MarathonAg12 said:
TarponChaser said:
Daddy-O5 said:
She thinks an LTC class = gun training.
And the CNN piece mentions LEO getting firearms training but, anecdotally from a buddy who was a Ranger and then a shooting instructor for Blackwater, the ranking of the best shooters was generally:
- Special operations military (ie- SEALS, Special Forces, Rangers, etc)
- specialized civilian units (FBI Hostage Rescue Team)
- civilian hobbyists (people who shoot competitively for fun)
- regular military
- LEO
- everybody else
Basically, members of Special Forces (used generically to cover all of the branches) shoot thousands of rounds per week and are the best of the best when it comes to shooting. The specialized civilian outfits are next.
Then, civilians who shoot a lot. Because it's their passion so they can generally spend lots of time and money on training and range time.
Regular military actually has minimal range time once they're out of basic. I was surprised by this.
LEO, once out of training hardly shoots at all except for annual proficiency exams.
I would hope our LEOs shoot more than an Active Duty line company.

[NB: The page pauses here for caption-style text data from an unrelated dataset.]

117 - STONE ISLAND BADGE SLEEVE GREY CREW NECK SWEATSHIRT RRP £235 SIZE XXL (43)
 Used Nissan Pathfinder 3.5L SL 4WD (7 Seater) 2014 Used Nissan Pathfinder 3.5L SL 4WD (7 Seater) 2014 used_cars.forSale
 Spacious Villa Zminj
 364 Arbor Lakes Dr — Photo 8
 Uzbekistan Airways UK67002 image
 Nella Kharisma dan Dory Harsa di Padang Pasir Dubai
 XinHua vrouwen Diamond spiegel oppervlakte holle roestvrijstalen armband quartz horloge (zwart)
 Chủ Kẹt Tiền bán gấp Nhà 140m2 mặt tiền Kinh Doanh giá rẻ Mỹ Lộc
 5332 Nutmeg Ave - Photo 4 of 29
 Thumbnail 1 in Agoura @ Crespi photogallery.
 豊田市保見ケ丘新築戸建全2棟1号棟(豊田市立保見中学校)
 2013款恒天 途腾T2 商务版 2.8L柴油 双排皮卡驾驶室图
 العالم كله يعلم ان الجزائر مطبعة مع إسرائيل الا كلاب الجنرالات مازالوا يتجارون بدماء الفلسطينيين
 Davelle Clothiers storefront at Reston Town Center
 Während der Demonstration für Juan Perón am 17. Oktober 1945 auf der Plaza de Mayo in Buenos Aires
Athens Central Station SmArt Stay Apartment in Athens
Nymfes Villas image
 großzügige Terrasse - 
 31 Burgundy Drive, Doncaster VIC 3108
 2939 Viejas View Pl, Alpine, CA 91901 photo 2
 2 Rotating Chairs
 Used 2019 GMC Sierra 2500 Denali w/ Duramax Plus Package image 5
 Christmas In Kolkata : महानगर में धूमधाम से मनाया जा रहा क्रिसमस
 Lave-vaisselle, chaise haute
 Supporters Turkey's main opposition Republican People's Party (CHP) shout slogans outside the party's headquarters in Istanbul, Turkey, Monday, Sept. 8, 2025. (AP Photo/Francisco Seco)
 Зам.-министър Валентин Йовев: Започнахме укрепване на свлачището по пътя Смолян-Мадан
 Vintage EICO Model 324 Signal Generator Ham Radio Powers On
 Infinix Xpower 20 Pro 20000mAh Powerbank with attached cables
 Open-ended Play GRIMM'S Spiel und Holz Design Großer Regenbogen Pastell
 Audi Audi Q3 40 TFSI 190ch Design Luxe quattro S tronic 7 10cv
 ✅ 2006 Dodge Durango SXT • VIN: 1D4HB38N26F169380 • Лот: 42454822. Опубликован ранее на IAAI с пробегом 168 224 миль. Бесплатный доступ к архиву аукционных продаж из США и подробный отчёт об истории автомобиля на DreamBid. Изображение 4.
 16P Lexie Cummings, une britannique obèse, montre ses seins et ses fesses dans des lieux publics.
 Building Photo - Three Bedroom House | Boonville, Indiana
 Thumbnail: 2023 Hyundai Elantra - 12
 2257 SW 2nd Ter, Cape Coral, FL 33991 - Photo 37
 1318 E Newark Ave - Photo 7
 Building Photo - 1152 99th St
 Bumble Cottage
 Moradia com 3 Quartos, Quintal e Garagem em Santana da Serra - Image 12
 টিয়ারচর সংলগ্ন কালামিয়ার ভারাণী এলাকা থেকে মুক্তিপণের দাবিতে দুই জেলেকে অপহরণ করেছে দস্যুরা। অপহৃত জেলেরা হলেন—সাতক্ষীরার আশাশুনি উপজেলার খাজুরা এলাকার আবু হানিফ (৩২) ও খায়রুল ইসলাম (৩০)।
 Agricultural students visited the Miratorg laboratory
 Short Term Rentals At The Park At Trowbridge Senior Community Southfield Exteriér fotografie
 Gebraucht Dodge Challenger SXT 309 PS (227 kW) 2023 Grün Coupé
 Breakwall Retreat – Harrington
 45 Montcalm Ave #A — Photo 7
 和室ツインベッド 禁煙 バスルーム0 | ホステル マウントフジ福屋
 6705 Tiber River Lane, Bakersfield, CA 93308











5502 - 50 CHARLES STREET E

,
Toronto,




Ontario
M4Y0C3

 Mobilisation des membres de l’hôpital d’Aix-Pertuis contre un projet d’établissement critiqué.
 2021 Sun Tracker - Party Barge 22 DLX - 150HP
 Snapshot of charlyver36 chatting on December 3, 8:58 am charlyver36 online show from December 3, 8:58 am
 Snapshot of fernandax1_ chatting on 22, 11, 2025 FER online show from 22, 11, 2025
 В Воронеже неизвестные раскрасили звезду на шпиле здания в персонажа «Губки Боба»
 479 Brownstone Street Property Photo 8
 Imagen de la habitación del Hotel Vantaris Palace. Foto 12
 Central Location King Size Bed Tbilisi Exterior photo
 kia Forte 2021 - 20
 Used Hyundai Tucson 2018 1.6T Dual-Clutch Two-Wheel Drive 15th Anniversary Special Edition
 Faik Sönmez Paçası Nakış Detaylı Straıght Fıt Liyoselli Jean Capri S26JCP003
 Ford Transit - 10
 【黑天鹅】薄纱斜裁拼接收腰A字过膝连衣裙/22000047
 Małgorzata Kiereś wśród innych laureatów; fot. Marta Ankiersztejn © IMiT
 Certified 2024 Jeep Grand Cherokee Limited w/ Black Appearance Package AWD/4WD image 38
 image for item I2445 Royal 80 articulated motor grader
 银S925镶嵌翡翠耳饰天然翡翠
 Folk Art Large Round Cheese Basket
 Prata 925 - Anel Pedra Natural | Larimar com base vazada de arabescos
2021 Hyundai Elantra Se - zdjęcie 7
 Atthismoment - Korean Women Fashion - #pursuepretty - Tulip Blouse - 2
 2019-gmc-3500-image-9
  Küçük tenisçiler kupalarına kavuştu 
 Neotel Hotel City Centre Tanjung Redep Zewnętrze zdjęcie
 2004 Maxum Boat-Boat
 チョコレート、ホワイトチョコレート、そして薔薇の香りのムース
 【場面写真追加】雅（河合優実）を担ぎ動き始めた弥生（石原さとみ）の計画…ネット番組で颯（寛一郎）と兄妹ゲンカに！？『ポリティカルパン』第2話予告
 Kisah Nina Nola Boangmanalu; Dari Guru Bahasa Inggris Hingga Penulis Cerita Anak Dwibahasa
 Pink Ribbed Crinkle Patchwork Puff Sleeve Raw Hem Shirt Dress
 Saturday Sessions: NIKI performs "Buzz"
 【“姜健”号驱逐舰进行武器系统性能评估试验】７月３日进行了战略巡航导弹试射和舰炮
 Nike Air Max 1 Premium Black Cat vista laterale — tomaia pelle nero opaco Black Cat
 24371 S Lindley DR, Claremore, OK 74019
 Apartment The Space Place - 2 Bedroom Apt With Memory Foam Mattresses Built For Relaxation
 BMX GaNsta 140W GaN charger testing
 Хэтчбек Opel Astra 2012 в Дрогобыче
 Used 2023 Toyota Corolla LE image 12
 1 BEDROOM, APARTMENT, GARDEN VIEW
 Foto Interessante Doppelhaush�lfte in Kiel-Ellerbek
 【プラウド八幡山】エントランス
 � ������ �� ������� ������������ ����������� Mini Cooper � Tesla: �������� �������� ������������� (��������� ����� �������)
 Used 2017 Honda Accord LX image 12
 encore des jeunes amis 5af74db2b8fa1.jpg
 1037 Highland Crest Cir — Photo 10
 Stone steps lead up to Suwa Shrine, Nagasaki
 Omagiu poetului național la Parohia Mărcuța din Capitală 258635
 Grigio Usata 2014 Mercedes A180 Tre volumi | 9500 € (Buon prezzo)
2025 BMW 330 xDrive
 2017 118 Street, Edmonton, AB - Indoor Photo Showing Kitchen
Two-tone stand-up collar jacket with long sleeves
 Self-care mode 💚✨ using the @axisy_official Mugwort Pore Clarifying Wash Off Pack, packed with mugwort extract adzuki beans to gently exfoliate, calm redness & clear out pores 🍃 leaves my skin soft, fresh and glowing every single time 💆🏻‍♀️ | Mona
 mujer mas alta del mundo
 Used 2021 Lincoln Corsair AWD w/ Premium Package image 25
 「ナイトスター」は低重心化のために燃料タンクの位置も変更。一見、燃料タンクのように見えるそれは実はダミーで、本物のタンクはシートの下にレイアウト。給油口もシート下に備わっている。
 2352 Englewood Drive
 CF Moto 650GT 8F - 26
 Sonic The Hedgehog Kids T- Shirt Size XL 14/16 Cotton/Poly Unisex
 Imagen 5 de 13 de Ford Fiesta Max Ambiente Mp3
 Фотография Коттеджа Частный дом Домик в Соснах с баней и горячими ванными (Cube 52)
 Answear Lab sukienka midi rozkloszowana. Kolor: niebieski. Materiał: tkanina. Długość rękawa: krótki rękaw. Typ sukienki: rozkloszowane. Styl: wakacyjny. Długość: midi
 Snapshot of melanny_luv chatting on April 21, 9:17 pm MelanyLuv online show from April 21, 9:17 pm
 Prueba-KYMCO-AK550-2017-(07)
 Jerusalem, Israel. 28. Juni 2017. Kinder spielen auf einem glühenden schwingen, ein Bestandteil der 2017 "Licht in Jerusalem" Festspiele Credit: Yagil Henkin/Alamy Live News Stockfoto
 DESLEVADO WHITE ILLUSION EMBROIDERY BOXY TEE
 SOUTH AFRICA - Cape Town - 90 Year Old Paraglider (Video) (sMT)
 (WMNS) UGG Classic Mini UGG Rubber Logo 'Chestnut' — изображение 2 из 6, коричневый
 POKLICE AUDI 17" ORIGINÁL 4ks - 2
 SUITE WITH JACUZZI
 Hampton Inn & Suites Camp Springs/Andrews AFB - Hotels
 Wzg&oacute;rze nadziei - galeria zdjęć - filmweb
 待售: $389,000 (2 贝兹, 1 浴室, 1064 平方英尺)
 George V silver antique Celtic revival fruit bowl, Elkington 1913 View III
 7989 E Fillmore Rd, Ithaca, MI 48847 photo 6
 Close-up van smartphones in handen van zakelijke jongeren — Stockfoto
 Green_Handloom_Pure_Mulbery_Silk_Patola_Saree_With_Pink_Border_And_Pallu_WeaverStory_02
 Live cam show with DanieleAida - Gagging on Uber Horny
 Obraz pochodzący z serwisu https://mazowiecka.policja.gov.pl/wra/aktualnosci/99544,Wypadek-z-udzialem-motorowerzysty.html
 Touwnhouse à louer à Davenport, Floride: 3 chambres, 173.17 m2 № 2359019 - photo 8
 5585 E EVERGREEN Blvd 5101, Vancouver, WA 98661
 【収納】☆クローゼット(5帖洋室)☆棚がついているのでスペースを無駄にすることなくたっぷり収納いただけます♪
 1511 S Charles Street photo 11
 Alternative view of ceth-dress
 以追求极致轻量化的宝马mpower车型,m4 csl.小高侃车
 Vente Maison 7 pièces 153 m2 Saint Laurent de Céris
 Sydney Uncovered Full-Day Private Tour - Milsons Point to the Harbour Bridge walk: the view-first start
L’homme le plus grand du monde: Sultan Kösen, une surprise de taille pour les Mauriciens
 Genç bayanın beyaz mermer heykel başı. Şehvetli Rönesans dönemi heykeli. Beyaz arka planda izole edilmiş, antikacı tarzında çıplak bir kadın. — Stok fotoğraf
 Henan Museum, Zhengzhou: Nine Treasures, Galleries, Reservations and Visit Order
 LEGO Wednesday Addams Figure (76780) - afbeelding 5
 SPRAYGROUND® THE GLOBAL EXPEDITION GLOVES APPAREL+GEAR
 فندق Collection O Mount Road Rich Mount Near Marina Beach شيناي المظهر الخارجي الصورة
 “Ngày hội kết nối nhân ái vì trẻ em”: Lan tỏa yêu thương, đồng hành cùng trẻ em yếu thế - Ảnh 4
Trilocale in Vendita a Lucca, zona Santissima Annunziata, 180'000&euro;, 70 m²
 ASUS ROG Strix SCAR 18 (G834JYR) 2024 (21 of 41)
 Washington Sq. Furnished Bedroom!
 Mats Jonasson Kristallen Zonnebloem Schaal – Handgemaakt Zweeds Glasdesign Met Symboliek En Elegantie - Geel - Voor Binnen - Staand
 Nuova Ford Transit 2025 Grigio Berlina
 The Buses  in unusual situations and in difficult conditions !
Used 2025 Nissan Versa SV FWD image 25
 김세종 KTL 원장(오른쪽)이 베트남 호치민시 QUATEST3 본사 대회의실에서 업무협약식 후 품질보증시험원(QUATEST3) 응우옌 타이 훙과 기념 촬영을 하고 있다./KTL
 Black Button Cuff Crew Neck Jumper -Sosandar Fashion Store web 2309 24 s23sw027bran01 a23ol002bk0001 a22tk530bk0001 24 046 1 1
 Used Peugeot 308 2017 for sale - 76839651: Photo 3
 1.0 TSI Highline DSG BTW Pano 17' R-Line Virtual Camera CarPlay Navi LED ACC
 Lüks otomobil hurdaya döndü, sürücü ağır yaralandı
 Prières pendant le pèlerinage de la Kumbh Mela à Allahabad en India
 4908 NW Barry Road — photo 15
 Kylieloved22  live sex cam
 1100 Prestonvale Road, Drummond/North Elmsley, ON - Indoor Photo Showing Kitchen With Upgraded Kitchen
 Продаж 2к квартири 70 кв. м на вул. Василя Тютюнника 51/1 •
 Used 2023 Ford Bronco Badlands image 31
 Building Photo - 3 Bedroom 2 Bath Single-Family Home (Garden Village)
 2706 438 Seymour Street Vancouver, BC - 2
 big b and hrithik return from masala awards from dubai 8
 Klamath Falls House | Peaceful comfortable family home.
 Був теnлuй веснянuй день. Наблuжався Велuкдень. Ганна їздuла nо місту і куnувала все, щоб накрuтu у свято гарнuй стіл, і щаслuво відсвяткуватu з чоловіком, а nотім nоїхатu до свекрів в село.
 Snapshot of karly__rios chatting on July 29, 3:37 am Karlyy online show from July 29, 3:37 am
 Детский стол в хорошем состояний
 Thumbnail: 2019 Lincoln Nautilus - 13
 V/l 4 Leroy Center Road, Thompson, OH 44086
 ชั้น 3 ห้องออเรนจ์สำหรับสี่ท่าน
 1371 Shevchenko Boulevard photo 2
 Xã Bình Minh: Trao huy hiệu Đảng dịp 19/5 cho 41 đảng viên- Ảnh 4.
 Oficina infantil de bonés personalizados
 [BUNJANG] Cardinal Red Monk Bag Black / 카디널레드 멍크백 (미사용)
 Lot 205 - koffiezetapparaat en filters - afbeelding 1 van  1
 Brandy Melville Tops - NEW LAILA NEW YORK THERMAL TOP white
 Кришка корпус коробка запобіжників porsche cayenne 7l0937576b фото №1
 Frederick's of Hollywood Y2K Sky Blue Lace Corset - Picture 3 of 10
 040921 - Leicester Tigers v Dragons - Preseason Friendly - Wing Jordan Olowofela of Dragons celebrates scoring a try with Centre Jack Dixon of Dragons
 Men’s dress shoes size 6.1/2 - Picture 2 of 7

We had to do so much other training that there was hardly time to pew pew
By way of illustration (and these illustrations are from circa 2000, and so might have changed some) but back then, a single Ranger battalion (of which the Army has 3, part of USASOC/SOCOM) was allocated as much ammo for training as the entire 82nd Airborne Division (which, at the time, had 9 infantry battalions, a light tank battalion, a cavalry/recon squadron, plus artillery, engineers, and service support troops.)
At the PD I currently work for, annual qualification is 50 rounds each for pistols and rifles, day time and night/low light (total 100 rounds of each) and 10 rounds each day/night for shotguns. Training ammo allocation is 50 rounds per officer per year for rifles and pistols and 10 for shotguns. Sometimes we get lucky and they get a bunch of birdshot on clearance or something and we get a whole box of 25 rounds of shotgun each.
Now, before ammo prices got stupid back in the summer of 2020 (Thanks BLM!), I could shoot up a couple hundred rounds of rifle and/or pistol ammo every time I went to the range, depending on what I was shooting and how long I could spend at the range. My current favorite shooting sport is Run-n-Gun (think tactical biathlon, running instead of cross country skiing), and I'll shoot roughly 40-60 rounds of pistol and 120-150 rounds of rifle ammo on a 5 km, 5 stage course. For a typical local 3-gun match (rifle, pistol, and shotgun), I'd shoot 100-125 rounds each rifle and pistol, and maybe 40-50 rounds of shotgun.
People who are really into their shooting sports will shoot 10,000 rounds or more a year, especially pistol shooters. Full time professional competitive shooters like Taran Butler (the guy who trained Keanu Reaves for the John Wick movies) will leave those numbers in the dust.